LISTED ENTRIES START

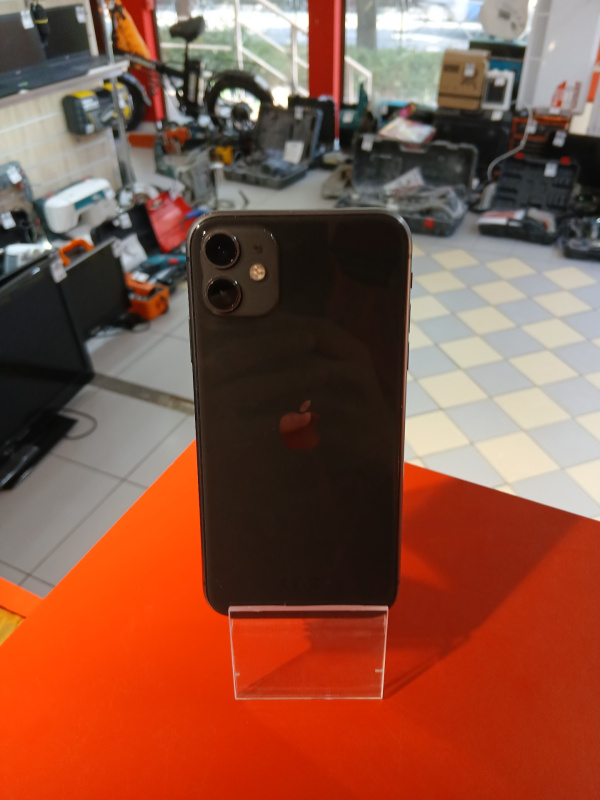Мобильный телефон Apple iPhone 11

LISTED ENTRIES END
LISTED ENTRIES START

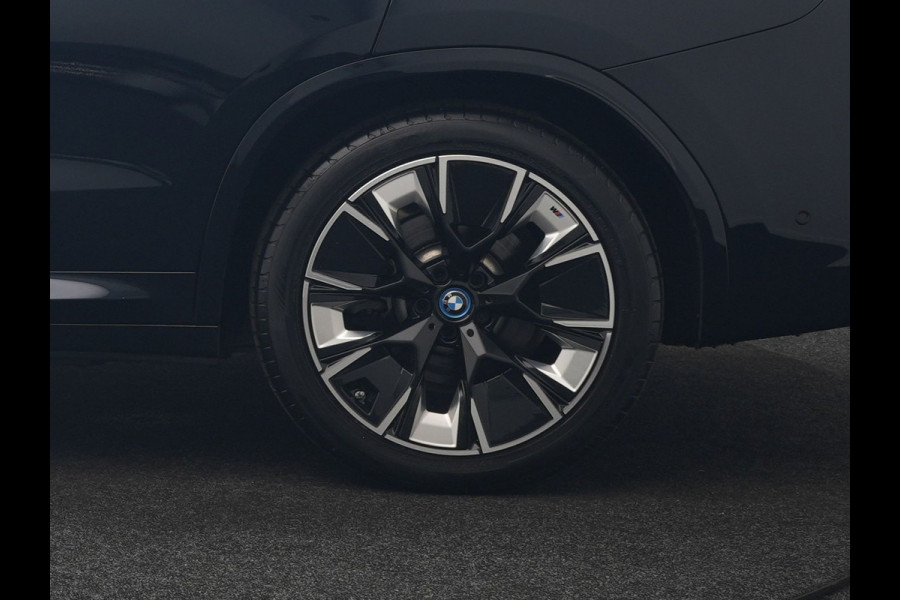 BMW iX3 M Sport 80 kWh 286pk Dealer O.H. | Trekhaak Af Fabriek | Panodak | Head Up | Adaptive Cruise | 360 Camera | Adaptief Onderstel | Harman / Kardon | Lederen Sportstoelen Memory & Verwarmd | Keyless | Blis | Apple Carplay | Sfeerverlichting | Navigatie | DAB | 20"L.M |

LISTED ENTRIES END
LISTED ENTRIES START

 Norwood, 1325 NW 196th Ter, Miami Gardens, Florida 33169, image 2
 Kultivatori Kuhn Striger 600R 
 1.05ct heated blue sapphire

LISTED ENTRIES END

## TASK DESCRIPTION
Please give back, exactly as it stands above, the stretch from the line with "Norwood, 1325 NW" through the line with "1.05ct heated blue sapphire", and no line outside it.

## SOLUTION BELOW
 Norwood, 1325 NW 196th Ter, Miami Gardens, Florida 33169, image 2
 Kultivatori Kuhn Striger 600R 
 1.05ct heated blue sapphire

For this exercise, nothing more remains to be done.